*Dataset records*.
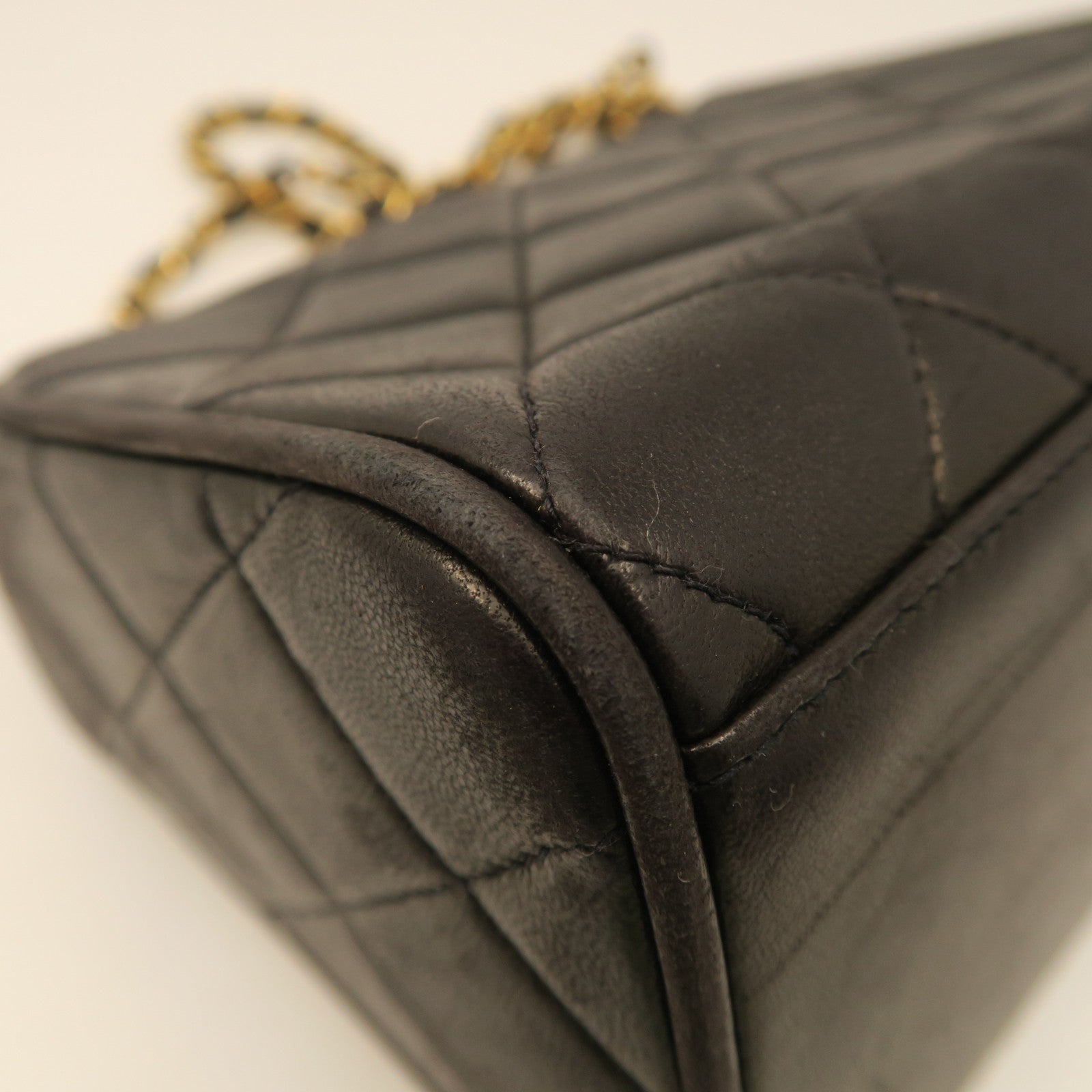 CHANEL 菱格羊皮皮革Chain Shoulder Bag金扣链带肩背袋黑色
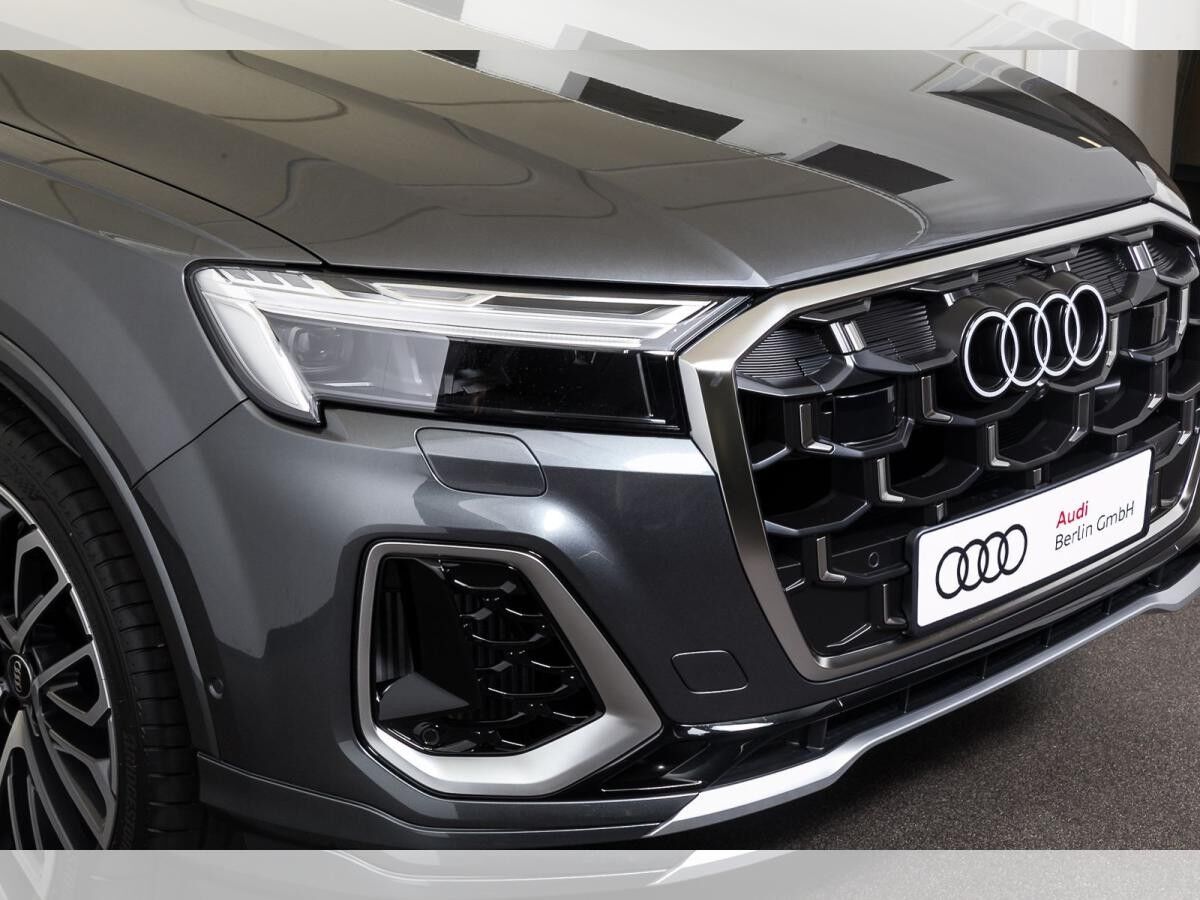 Audi SQ7 SUV TFSI tiptronic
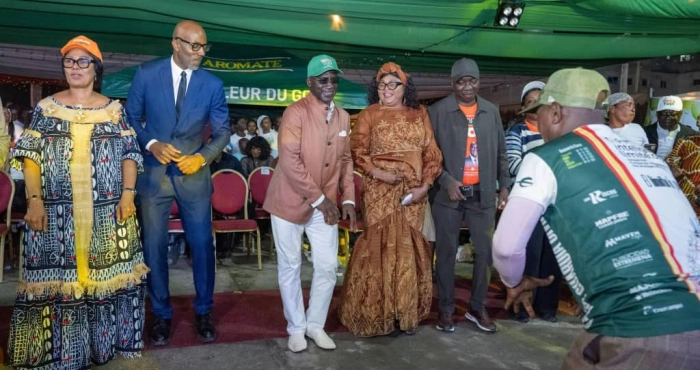 independance-a-yopougon-la-cohesion-marque-dun-brassage-politique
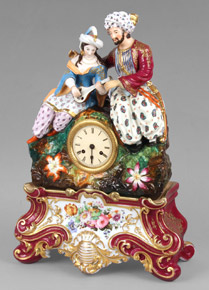 Lote 754: ANTIGUO RELOJ DE PORCELANA FRANCESA. ANTIGUO RELOJ DE PORCELANA FRANCESA.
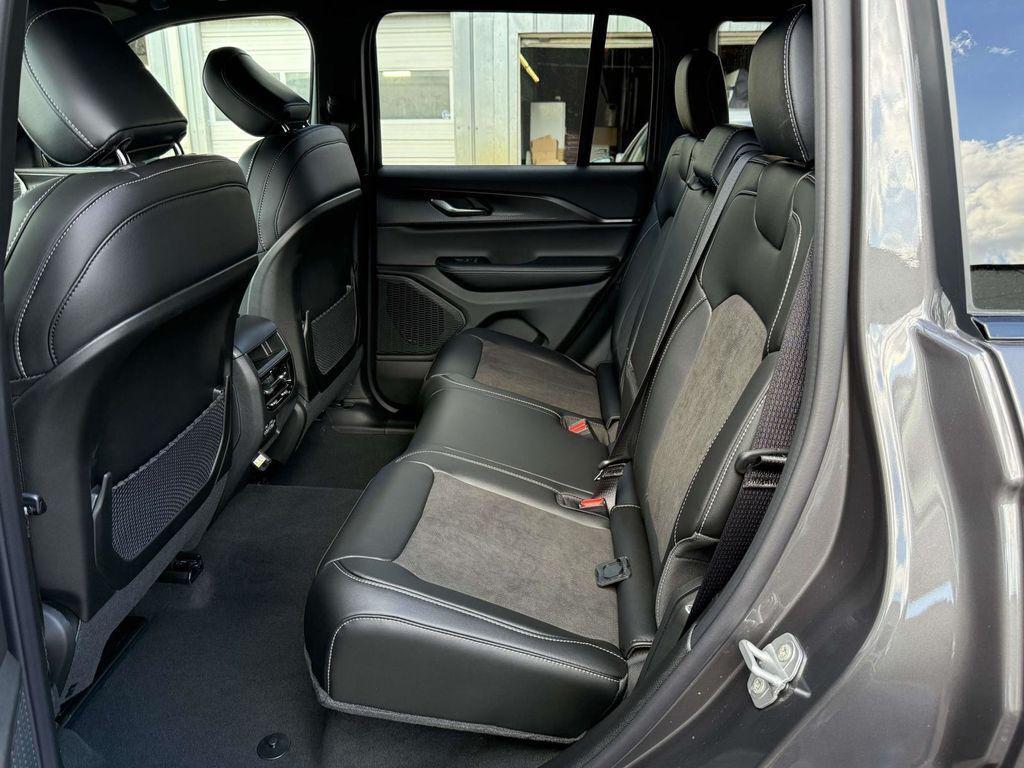 new 2025 Jeep Grand Cherokee car, priced at $38,955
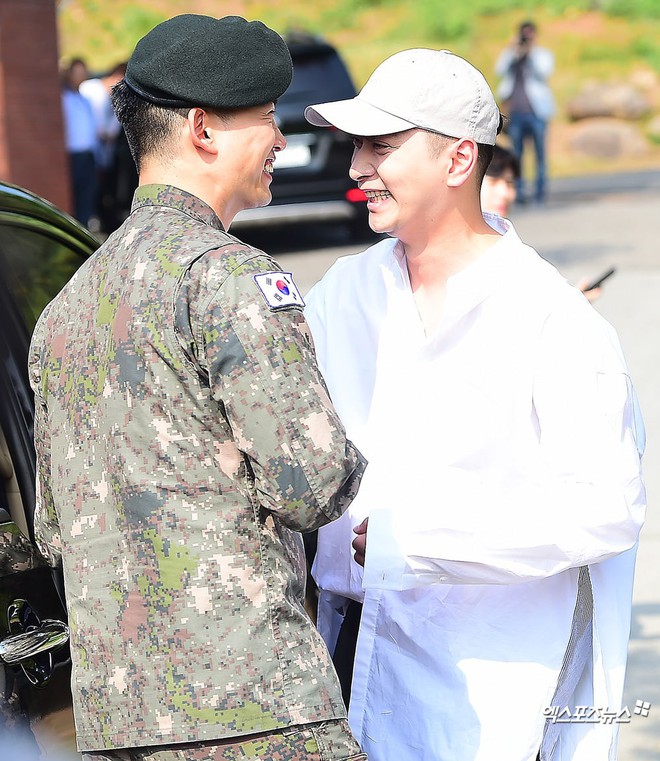 Nam thần quân ngũ Taecyeon (2PM) chính thức xuất ngũ, làn da mộc mịn màng đến mức khó tin của anh gây chú ý - Ảnh 6.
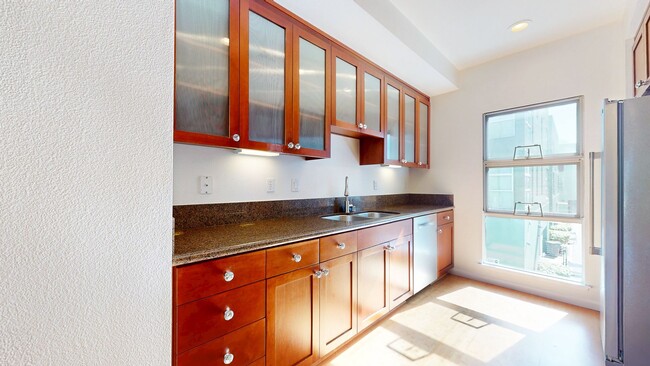 Building Photo - Beautiful Emeryville Townhome Available!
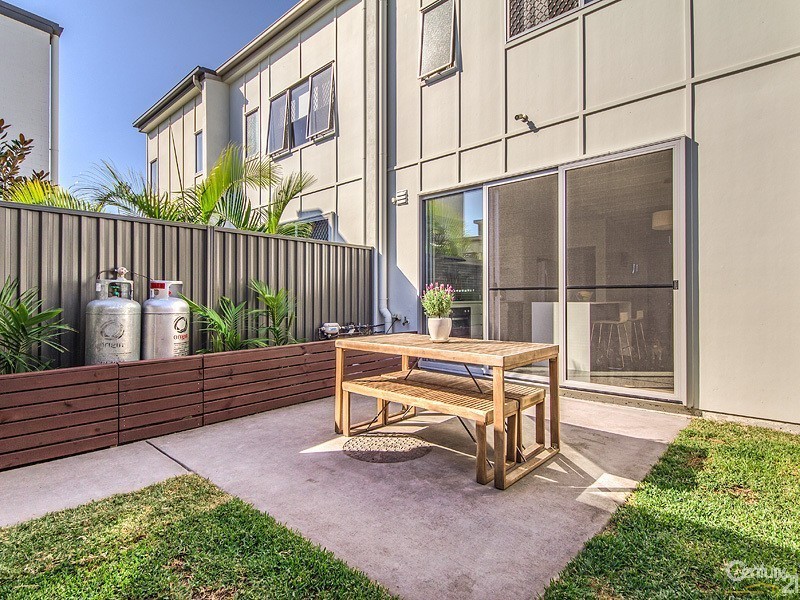 9 Emily Way, Varsity Lakes QLD 4227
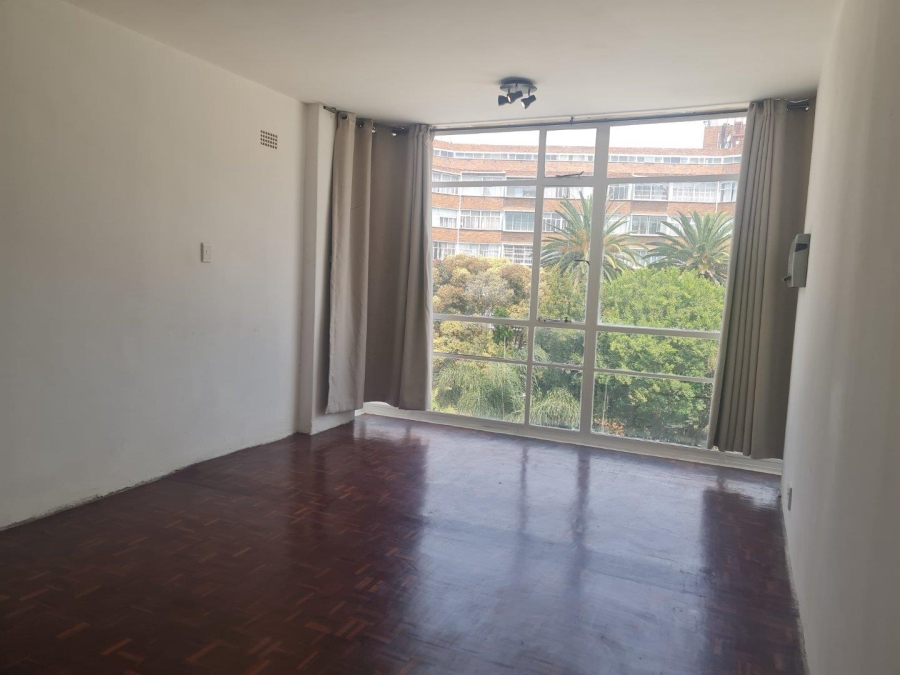 To Let 1 Bedroom Property for Rent in Killarney Gauteng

*Task requirements*. Please write out all of the material above without changing a word, and omit any pictures.

*Task solution*.
 CHANEL 菱格羊皮皮革Chain Shoulder Bag金扣链带肩背袋黑色
 Audi SQ7 SUV TFSI tiptronic
 independance-a-yopougon-la-cohesion-marque-dun-brassage-politique
 Lote 754: ANTIGUO RELOJ DE PORCELANA FRANCESA. ANTIGUO RELOJ DE PORCELANA FRANCESA.
 new 2025 Jeep Grand Cherokee car, priced at $38,955
 Nam thần quân ngũ Taecyeon (2PM) chính thức xuất ngũ, làn da mộc mịn màng đến mức khó tin của anh gây chú ý - Ảnh 6.
 Building Photo - Beautiful Emeryville Townhome Available!
 9 Emily Way, Varsity Lakes QLD 4227
 To Let 1 Bedroom Property for Rent in Killarney Gauteng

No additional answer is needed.